*** Record extracts ***
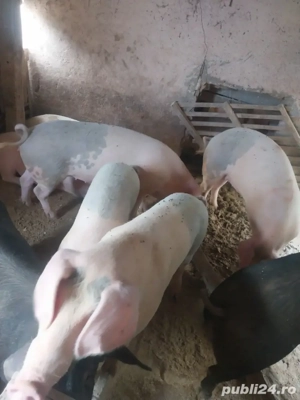 porci de vanfare - imagine 2 porci de vanfare - imagine 2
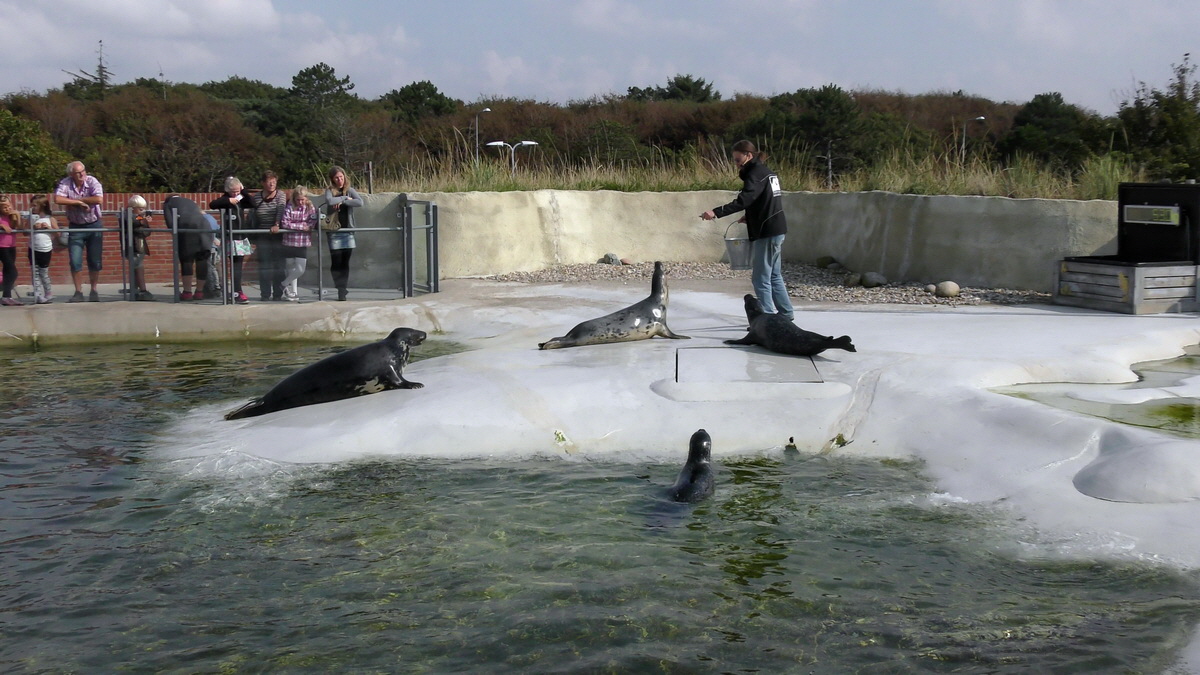 09-12-2015_153924(16)p_Bildgr��e �ndern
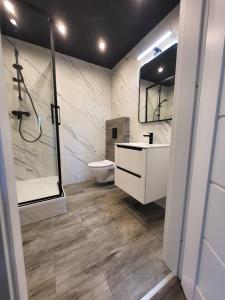 ein Bad mit einer Dusche, einem WC und einem Waschbecken in der Unterkunft Apartament Twardowscy in Sopot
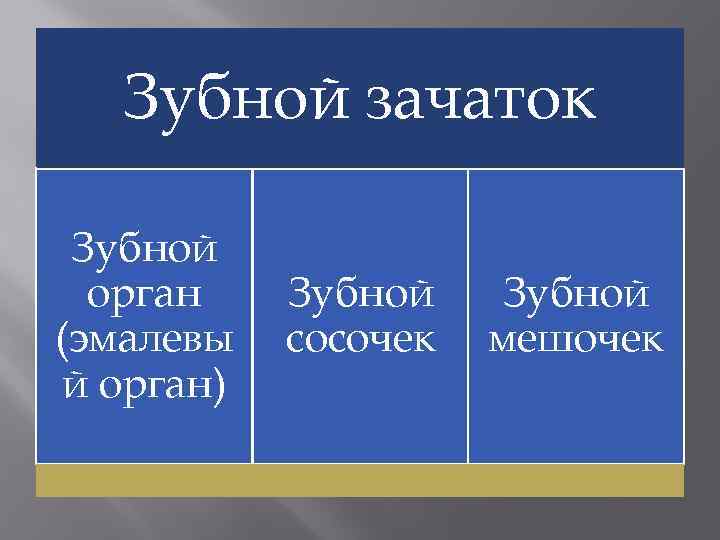 Зубной зачаток Зубной орган (эмалевы й орган) Зубной сосочек Зубной мешочек 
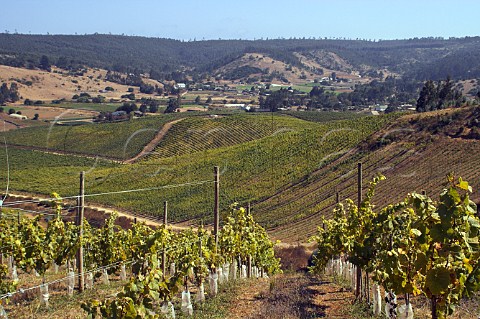 Vineyards of Via Casa Marin in the San Antonio   Valley region near the Pacific Ocean Chile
***
Aim of the task
In full and without change, repeat the material above, minus the pictures.

Completed exercise
 porci de vanfare - imagine 2 porci de vanfare - imagine 2
 09-12-2015_153924(16)p_Bildgr��e �ndern
 ein Bad mit einer Dusche, einem WC und einem Waschbecken in der Unterkunft Apartament Twardowscy in Sopot
 Зубной зачаток Зубной орган (эмалевы й орган) Зубной сосочек Зубной мешочек 
 Vineyards of Via Casa Marin in the San Antonio   Valley region near the Pacific Ocean Chile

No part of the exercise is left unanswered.